En douze chapitres et autant de figures héroïques dans les domaines de l’art, de la philosophie, de la politique et de la guerre, l’histoire devenue légendaire de la Grèce antique est tissée chronologiquement dans un entrelacs de données historiques et de motifs romancés pour rendre les mythes vivants et les habiller de dialogues plausibles. Christian Grenier s’en explique à merveille dans sa postface pleine d’honnêteté intellectuelle.
Il débute cette plongée lointaine par l’incertitude de la question homérique pour enchainer sur la légende de la bataille de Marathon et de la course de Philippidès qui mène au barrage des Thermopyles. Ensuite le savoir est mis à l’honneur en concrétisant la démarche fondatrice par l’astronomie d’Anaxagore et introduisant la figure tutélaire de Socrate, en valorisant l’influence d’Aspasie sur Périclès, en interprétant le passage de témoin entre Socrate et Platon, en illustrant le dénuement de Diogène, en montrant la résilience de Démosthène puis en déployant l’exil d’Aristote qui le mènera à assurer l’éducation du futur Alexandre le Grand qui sombrera dans la décadence à l’image de la dilution d’un territoire immense dans une soif inextinguible de conquêtes.
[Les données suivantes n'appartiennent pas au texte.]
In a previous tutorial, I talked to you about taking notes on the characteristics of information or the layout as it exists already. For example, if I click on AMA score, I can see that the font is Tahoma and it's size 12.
Enfin, un retour au rationalisme s’opère avec le calcul de la circonférence de la Terre sous l’impulsion d’Eratosthène et avec l’illumination à l’origine de la poussée d’Archimède.
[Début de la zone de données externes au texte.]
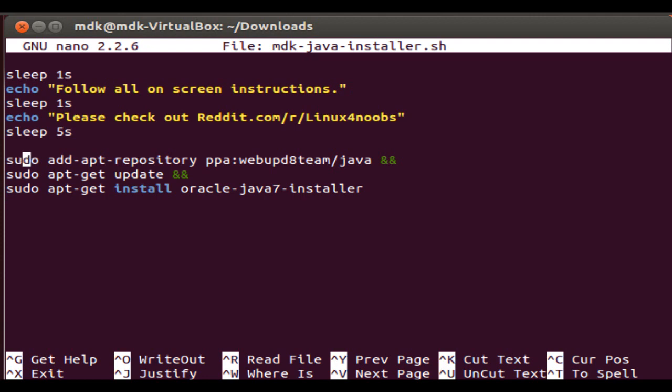These three commands are exactly the same with the exception of the double ampersand. The double ampersand at the end means that the next command will not run until the first command has finished and succeeded.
Derrière la magnificence intemporelle de cette civilisation apparait dans ce livre une zone d’ombre constituée d’une réalité sociale loin d’être idyllique et d’un intégrisme religieux qui protège les traditions et répand l’intolérance, présentant des pistes de réflexion d’actualité, la promotion de l’autonomie de la pensée par la présentation des notions socratiques de la maïeutique et de l’allégorie de la caverne ou le divertissement suprême pour un jeune lectorat que constitue le cynisme de Diogène en tant que démarche totale d’humilité.